The Wall Street Journal recently ran a story on the ongoing efforts of a group of Catholic school teachers and their thus far unsuccessful efforts to secure recognition of their union by the Diocese of Scranton.

Today the WSJ printed two Letters to the Editor received in response to their story:

Roman Catholic Schools Have Contributed a Lot
July 17, 2008; Page A14

I was quite touched emotionally and personally by the article "Crisis of Faith Between Church, Union?" (Currents, July 10). The 12 years of superb Catholic education I was blessed with prepared me quite well for my professional adult life. As a result, and with deep gratitude, I still offer my financial support and personal assistance to those schools despite having graduated decades prior.

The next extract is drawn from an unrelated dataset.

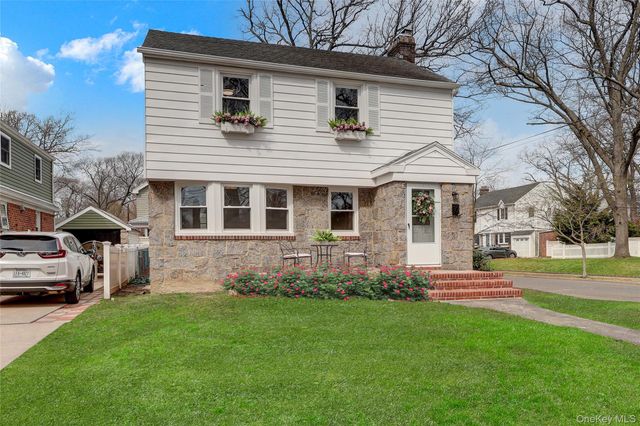 31 Carol Street, Lynbrook, NY 11563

The Newark Diocese tried to shut down my high school, Hudson Catholic in Jersey City, N.J., this past year. That school has been spared closure due to the strong and fast action taken by the alumni. We worked to ensure that neither our past nor the future of other youngsters would be lost. As a result, the place is still operating and may well do so for many years to come, unless those with little foresight try again to close its doors.

Without teaching youngsters the ideas, the ideals, the goals and concepts inherent to Catholic education, the future of the Church is quite limited. Yes, the money saved will be quite a bit, but the loss in more than just mere dollars will be immense.

Joseph P. Fanning
Glen Ridge, N.J.

You correctly point out that Catholic schools have defined the lives of American Catholics and nurtured believers from cradle to grave. However, the academic benefits are just as abundant. All of our four children attended, or are attending, Catholic elementary and secondary schools. As a direct result of their education, they received impressive college scholarships, were consistent dean's list students and graduated with academic honors. We have received more in college scholarships than we have spent for Catholic school tuition in the past 20 years.

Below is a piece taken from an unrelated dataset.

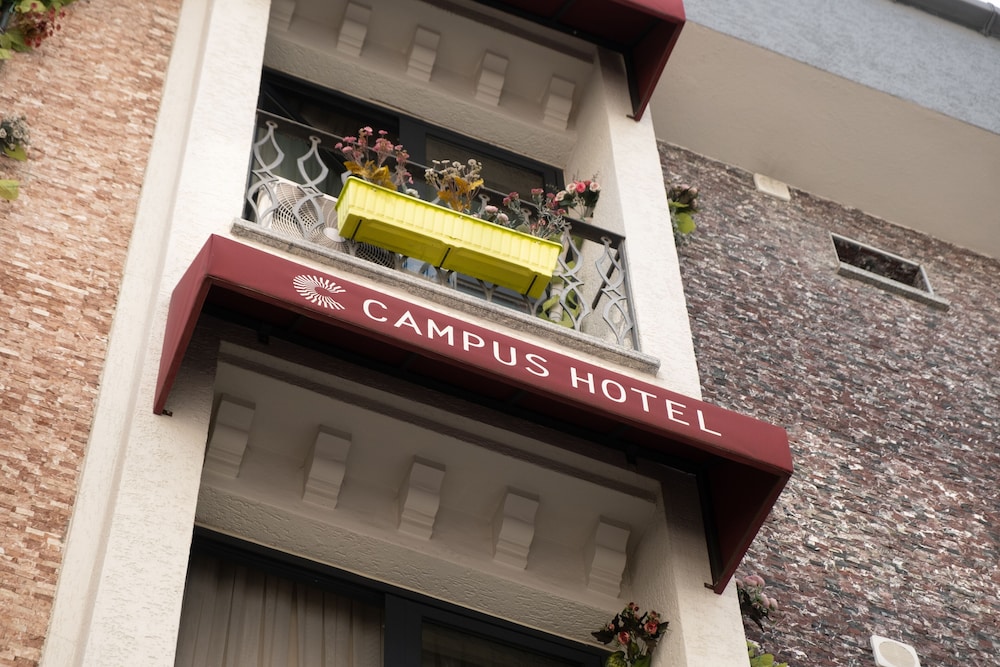 Campus Boutique Hotel 1/16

If more parents realized the value of a Catholic school education, the schools would be filled and there would be no financial deficit or problem with paying the teachers a fair salary. Our Diocese of Scranton Catholic school teachers are intelligent, caring and dedicated. We would gladly pay for an increase in tuition so that these teachers could earn the respectable salary they so rightly deserve.

John M. Nonnemacher
Sandra R. Nonnemacher

Hazleton, Pa.

There's not much more for me to add.